Mme Ayiemba et son équipe ont fait comme des milliers d’autres enseignants kényens ce jour-là: ils ont improvisé. Le nombre d’élèves par classe a grimpé, parfois doublé. Auparavant, les enfants pouvaient emprunter un manuel scolaire une fois par semaine; aujourd’hui, il faut attendre 15 jours. La pénurie de pupitres, de crayons et de papier s’est aggravée. Les enseignants ont dû organiser à la hâte des cours de rattrapage pour les nombreux élèves plus âgés désireux d’entrer en 1ère année, parmi les plus pauvres, privés auparavant d’école en raison des frais scolaires.
Deux ans plus tard, constate Mme Ayiemba, l’école est toujours surpeuplée et mal équipée, et de nombreux enfants défavorisés suivent les cours la faim au ventre, faute de programme d’alimentation scolaire. Il y a également un manque chronique d’enseignants et de manuels scolaires, ainsi que de salles de classe et de toilettes. “Pourtant, dit-elle, les parents sont contents car il n’y a pas de frais scolaires. Les enfants sont enfin scolarisés et nous avons réussi à maintenir un certain niveau scolaire malgré tous ces problèmes. En ce qui nous concerne, l’élimination des frais scolaires a été une réussite.”
Un grand pas en avant
En tout, quelque 1,3 million de nouveaux élèves ont afflué vers les écoles élémentaires du pays en janvier 2003, comme l’avait promis pendant sa campagne électorale le nouveau Président du pays, M. Mwai Kibaki. Ce pays de l’Afrique de l’Est se rapproche ainsi de la réalisation de l’objectif du Millénaire pour le développement (OMD) en matière d’éducation. Les objectifs, adoptés par les dirigeants du monde entier en septembre 2000 à New York, établissent des normes internationales ambitieuses en matière de diminution de la pauvreté et de développement (voir p. 12). En matière d’éducation, il s’agit de garantir un cycle complet d’enseignement primaire à tous les enfants d’ici 2015, de réduire l’analphabétisme des adultes et de réaliser la parité des sexes à tous les niveaux de l’enseignement à la fin de cette année, ou en 2015 au plus tard.

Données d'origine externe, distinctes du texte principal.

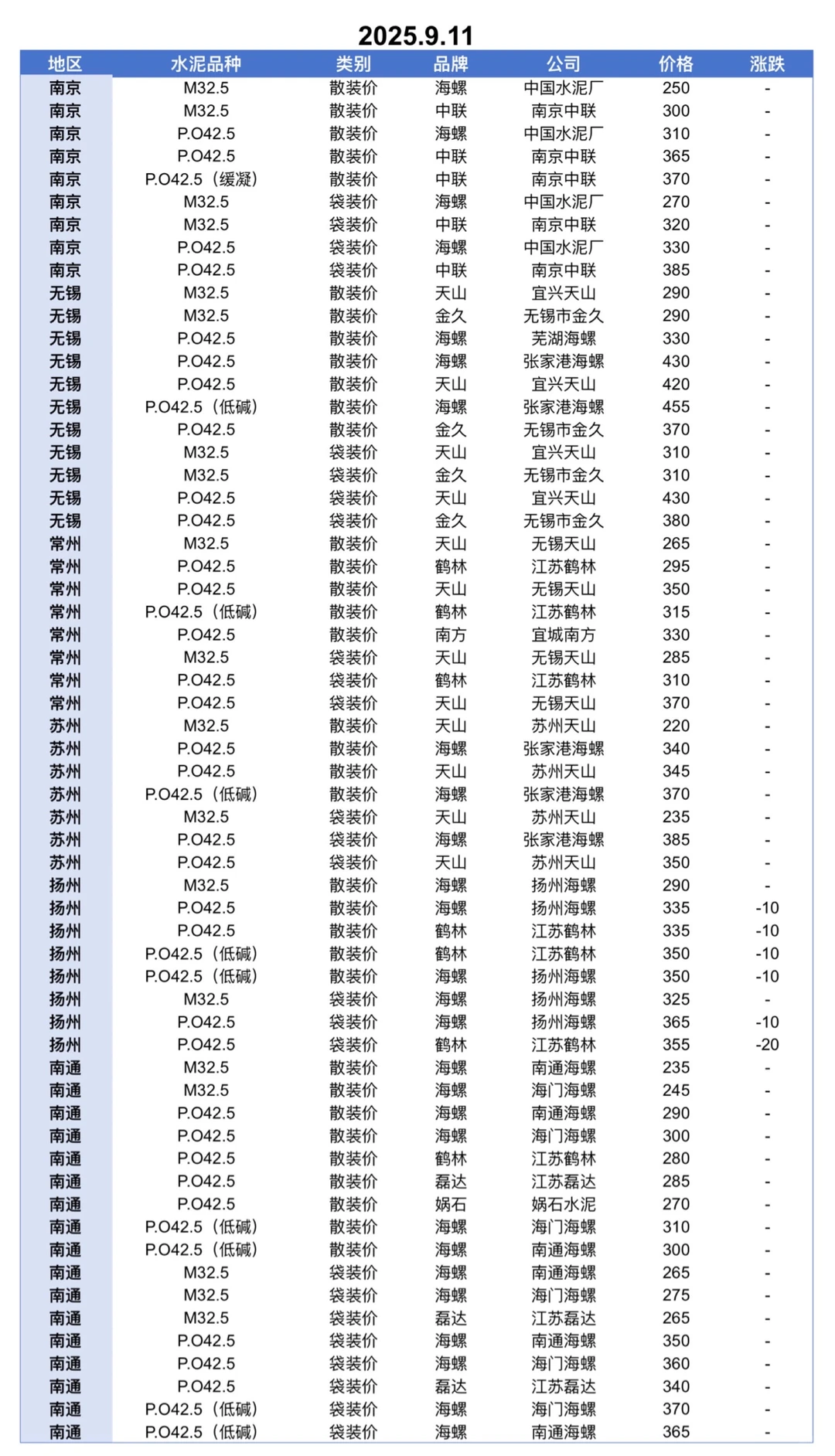 聚焦9.11日江苏、上海、浙江地区水泥价格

Plus personne ne conteste aujourd’hui les effets positifs sur le plan économique et social de la scolarisation élémentaire pour tous et de l’élimination des disparités entre les sexes. Lors de la publication en mars d’une étude non gouvernementale sur l’instruction des filles, le Secrétaire général de l’ONU, Kofi Annan, a fait valoir que “toutes les études montrent qu’il n’y a pas d’outil de développement plus efficace que l’instruction des filles. Aucune autre politique ne peut autant accroître la productivité, réduire la mortalité infantile et maternelle, améliorer l’alimentation et promouvoir la santé, y compris la prévention contre le VIH/sida”.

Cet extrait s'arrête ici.